At the Press conference on Saturday to announce seat-sharing, Mayawati lashed out at the Congress, calling it a “sold out” party. Rubbing more salt into the latter’s wounds, she declared that the Congress brings nothing to the table for the alliance. She added that there would be no transfer of Congress’s votes for the SP-BSP.
Left to fend for itself, the Congress will find it difficult to win more than a couple of seats out of the 80 on offer. It can, therefore, say goodbye to the prospect of coming anywhere close to the simple majority mark in a House of 543. Indeed, it would be a miracle if the party crosses 100 seats on its own. If that happens, various regional parties — even those which are presently inclined to back a Congress-led coalition — would gravitate towards a non-Congress/non-regional combine. There is also a possibility that, if the BJP comes within a striking distance of the simple majority mark— some of these parties could either extend outside support to the NDA or even join the formulation.

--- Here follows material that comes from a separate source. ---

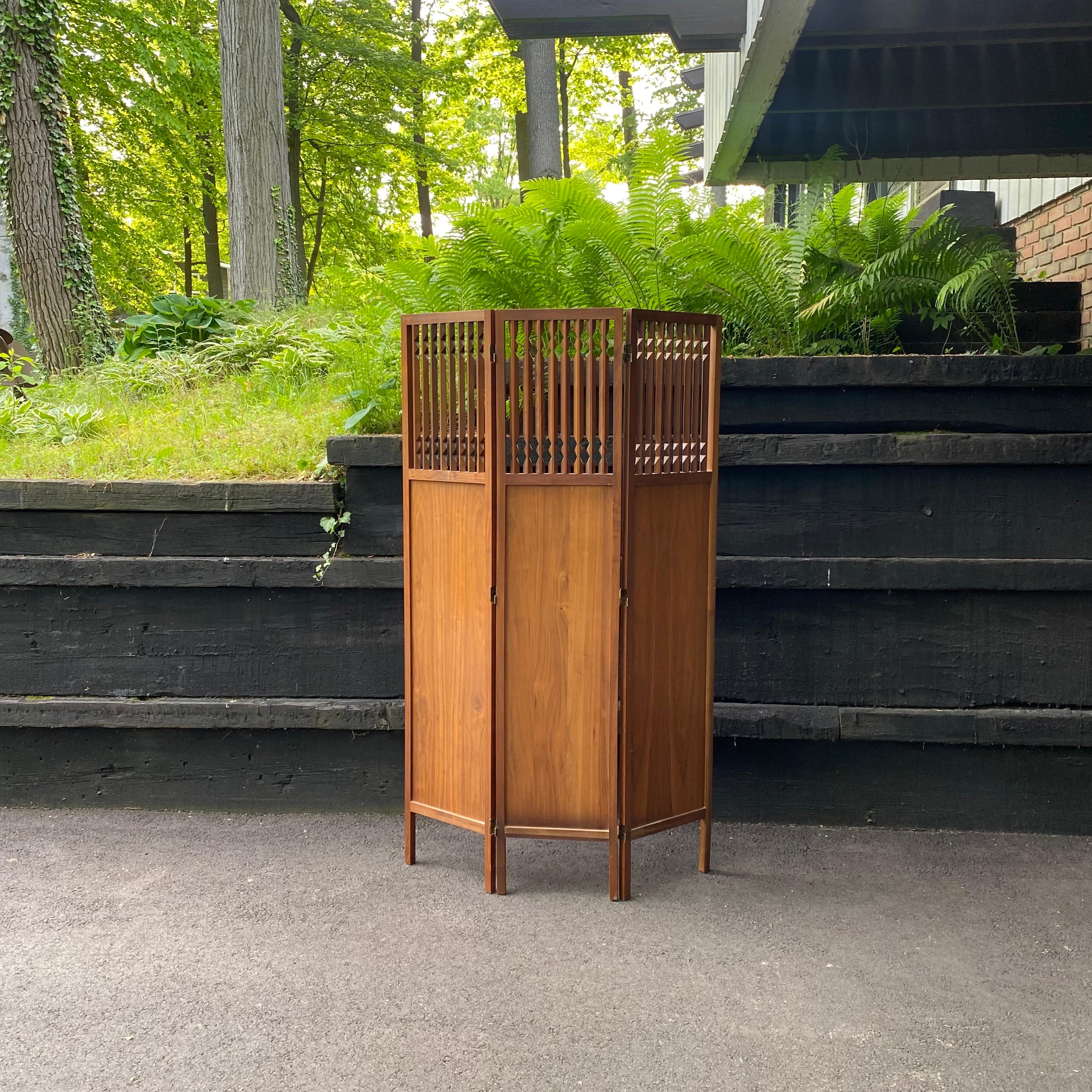 Mid-Century Modern Midcentury Arthur Umanoff Washington Woodcraft 1964 Walnut Room Divider Screen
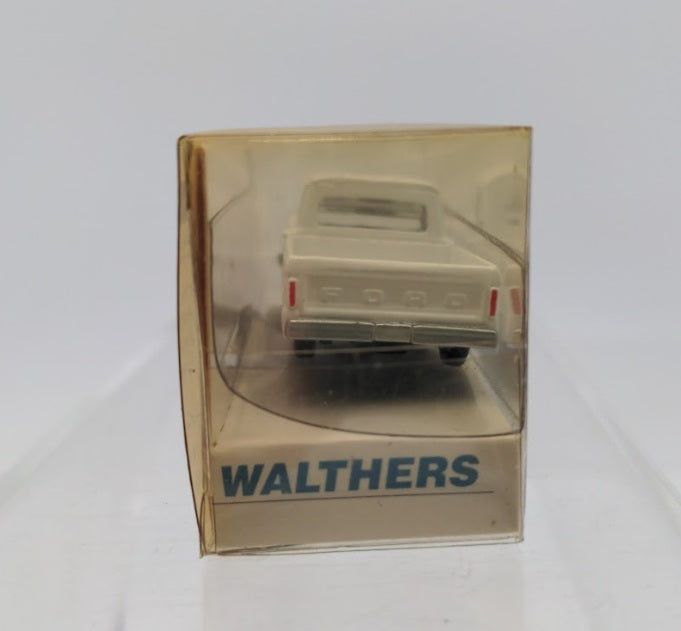 Walthers 933-1210 HO Scale White 1966 Ford F-100 Pickup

Even in 1993, when the SP and the BSP came together — a partnership that ended less than two years later in a most acrimonious manner — the Congress had been cast aside. The shadow of the Ayodhya mosque demolition then loomed on the Congress and nobody wanted to touch the party with a bargepole.
The Congress is now hoping that post-results, both the SP and the BSP will extend outside support to it in case it stand a chance of government formation. After all, most recently in Madhya Pradesh, the BSP did give support and help the Congress form a government. This is where the BSP’s hypocrisy lies. Mayawati says that there is no difference between the Congress and the BJP, since both are quite useless. Incidentally, this has been her stand for years. and yet, she has had no problems doing business with them in the past. After the SP-BSP alliance collapsed in 1995, she had become the State’s Chief Minister with the BJP’s support. After the Congress-led UPA assumed power in 2004, the BSP backed the Congress vis-a-vis the BJP.
A similar attitude has been adopted by the SP too. It fought the 2017 Assembly election in collaboration with the Congress, and lost. The alliance effectively ended with that defeat, but the SP continued to back the Congress by taking positions which matched that of the Congress. For 2019, it has had no hesitation in dumping the Congress.
The other instance of hypocrisy of these two regional parties is demonstrated in the SP-BSP combine’s decision to not contest the Rae Bareli and Amethi seats. They do not want to do business with the Congress but also ready to give an easier passage to the two top leaders of the party in the electoral battle. There is no doubt that, had the new coalition put up candidates in these two Lok Sabha constituencies, the Congress’s president and the former Congress president would have had difficulty in retaining their seats in the face of assaults by both the BJP and the SP-BSP alliance.
The Congress, although it has been putting up a brave front, really has no substantial support base it can draw from. The Muslims, the Yadav community and the Scheduled Castes would gravitate towards the new combination. The BJP would tap into the non-Yadav Other Backward Class votes and the upper castes. Besides, it will seek to dent the BSP’s Scheduled Caste vote share. The BJP will play the 10 per cent quota card for economically weaker sections of society regardless of caste — those that are not covered by the existing reservations. Together with the Ram temple issue, it will work to consolidate those that are out of the SP-BSP net.
What then is left for the Congress, besides its traditional voters, which have in any case dwindled in numbers over the years?